My bad, sometimes I mix up the words tranny and transistor... I'm a noob...I only do electrical stuff only when I build or modify things...I am mostly clear about concepts on how things work...I think...except the math part...

Well I have decided to buy already sourced kits from Sitler. I don't really have time to surf the web and source myself. I will replace all the caps, and leave the stock JFET...will try to document the process to help out the beginners and also to post some examples if I can...

 
FWIW

I have adjusted changed parts in a number of microphones sometime the stock parts work the best.
IIRC someone that posted here in the past changed their 319 parts and ended up liking the stock parts the best.  They saved the stock parts and then installed them again

If you don't know ohms law or understand biasing a Jfet etc changing the JFET in a circuit like the Oktava 219,319 might cause an issue.  As I posted before read the numbers on the transformer.

You might even like the ringing of the body.  A simple thing I did to damp the 219s bodies I have, is to use a small C clamp and gently tighten the haves together be careful you can break the microphone and also use padding between the clamp and body.  This is reversible and like I posted maybe you will like the body stock undamped.

I have not worked on a 319 but maybe you could use a  few screw/band hose clamps http://en.wikipedia.org/wiki/Hose_clamp with a rubber sheet between the body and clamp as a test for the change with damping.

I have compared adjusted 012s against stock 012s and stock sounds better with certain sources.

IMO the web has some good information and some ? information
 
  What I remember is someone saying that the Oktava 219/319/MC-012 are well biased at the factory (unlike a lot of the Chinese stuff), and all transistors are getting proper voltages. Best just to leave them alone.
  On the 319, I changed input and output caps (to polypro and polyester), removed some mesh from the screen, dampened the body, and removed all the switch wiring. Sounds great.
  Then I bought a second one, and left it alone, as the stock mic has a unique sound, very different from the modded one.
  I loved my pair of MC-012s stock, but changed the capsule to gate cap, and now I like them even more.
 
I am sure the stock parts work well and give the overall character to the microphone design.  :-\

As I am looking inside both 219/319, some caps have rust on them/leaky. They have to go!
Of course, I will leave the stock JFET and try not to mess with electronics parts too much.
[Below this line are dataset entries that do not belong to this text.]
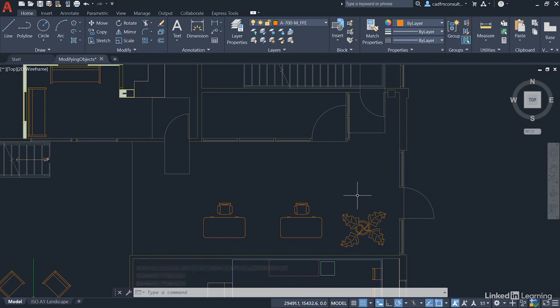So you can see there how you can utilize the Rotate command and the Scale command in different ways in AutoCAD to refine your drawing and modify your objects.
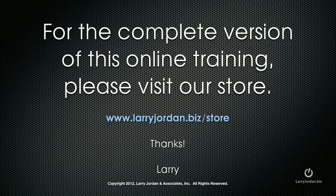For the complete version of this online training, please visit our store at larryjordan.biz slash store.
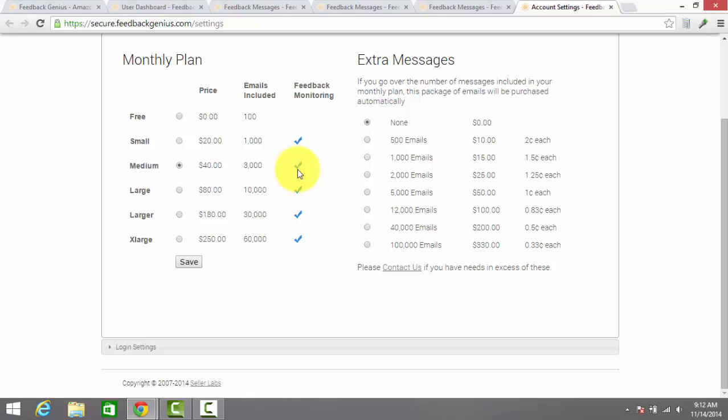So that's Feedback Genius in a nutshell. Hopefully this video gives you a good idea of what their service does. If you have any questions for me about this video, feel free to leave a comment below or head over to this review on OnlineSellingReviews.com and leave a comment. That's all I have today. Hope it helps and thanks for watching.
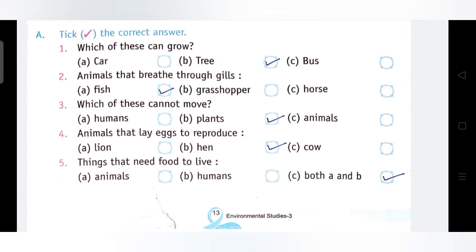Question 2: Animals that breathe through gills. ऐसे जानवर जो गिल्स से सांस लेते हैं — Fish, Grasshopper, या Horse. इनमें से कौन गिल्स की मदद से सांस लेता है? Fish. Fish is the correct answer.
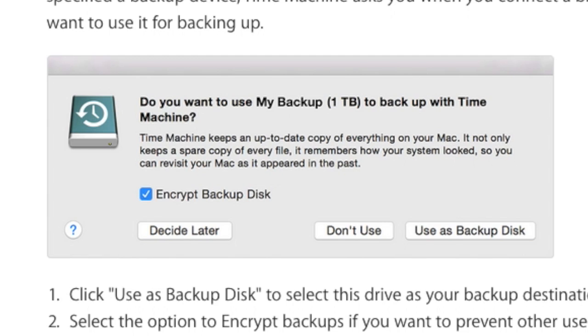Time Machine is the built-in backup feature of a Mac operating system. It keeps a copy of all your files and remembers how your system looked on any given day, so that you can revisit your Mac as it appeared in the past.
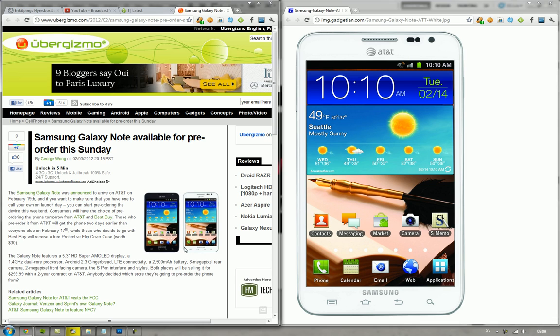But as you can see here on the white one, you'll be able to pick between black and white. You have those capacitive touch buttons down there: home, menu key, back, search, all those goodies.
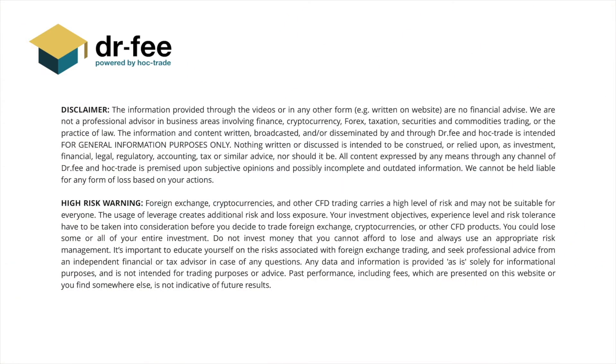First, please be aware that we at Dr. Fee are no financial advisor. This video is for entertainment purpose only.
As the matter of fact, I am so curious to compare modded and unmodded. Will do so as I modify one by one and test them side by side.
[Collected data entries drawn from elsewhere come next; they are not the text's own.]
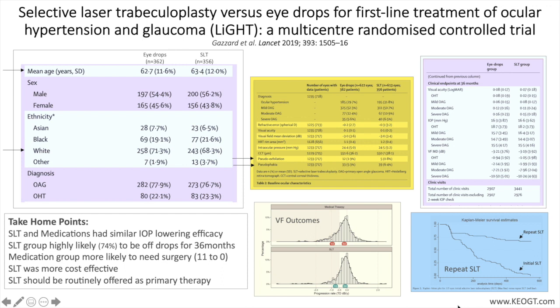IOP goal was determined from both a percentage reduction — 20 or 30 percent depending on disease status — from a single untreated baseline measurement. SLT treatment was completed over 360 degrees of the trabecular meshwork using 100 non-overlapping shots, with laser energy ranging between 0.3 and 1.4 millijoules.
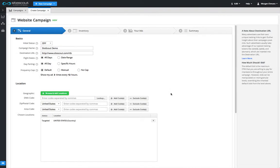There are a number of ways that geotargeting can be done on the SiteScout RTB platform. This video will cover everything except for hyperlocal targeting.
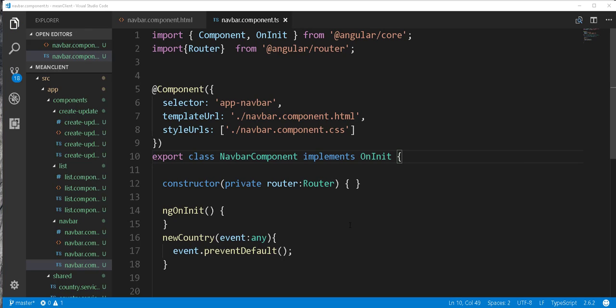Before navigating to the create-update component, we want to pass in a country object that is set to null, which will be assigned to another country object that is bound to the form. By doing so, an empty form will be displayed. We are also going to be using the same form for the update operation, meaning when we pass a country object that is not null, the form will be pre-populated.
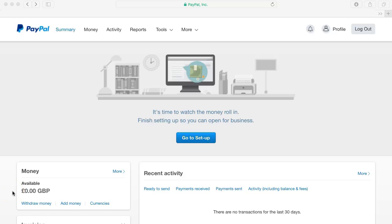It doesn't cost any money to transfer money from your PayPal account to your bank account. And now you're ready to get PayPal set up on your website.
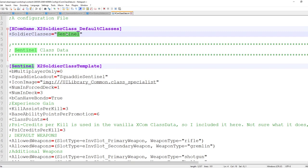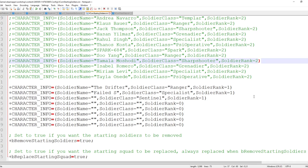That's how you set up the ini file for the Starting Soldiers mod. Once you know how to use it, it offers a huge range of customizations so you can start any campaign exactly how you want. This is my first tutorial video — I hope it was helpful. If you have any questions, leave them in the comments and I'll do my best to answer them. Have a great day!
And, by the way, all the four microphones have different resisrors and caps!



 
Gus said:
rokus666 said:
What's a JB weld ?  :eek:

Did you try google or bing or another search engine for your questions?

Actually I have. I have successfully completed 219 mod following Dorsey's article.
I have recorded dozen of different instruments in studio side by side with stock 219. Stock sounds a bit harsh and mid-rangey, the only difference I have noticed, considering I was listening to a bunch of different instruments. Mod sounds a bit more open, not harsh and it seems that bottom end is punchier but it's extremely subtle. Definitely, this modded microphone has a warm vibe to it. Doesn't sound good on everything but it could be useful on some sources. I liked it on acoustic guitar a lot, not much on classical.
On accordion sounds nice. I wasn't impressed how it sounded on flutes. Banjo sound was all right, nothing special. Darbuka was also dull, actually the stock 219 won on this darbuka.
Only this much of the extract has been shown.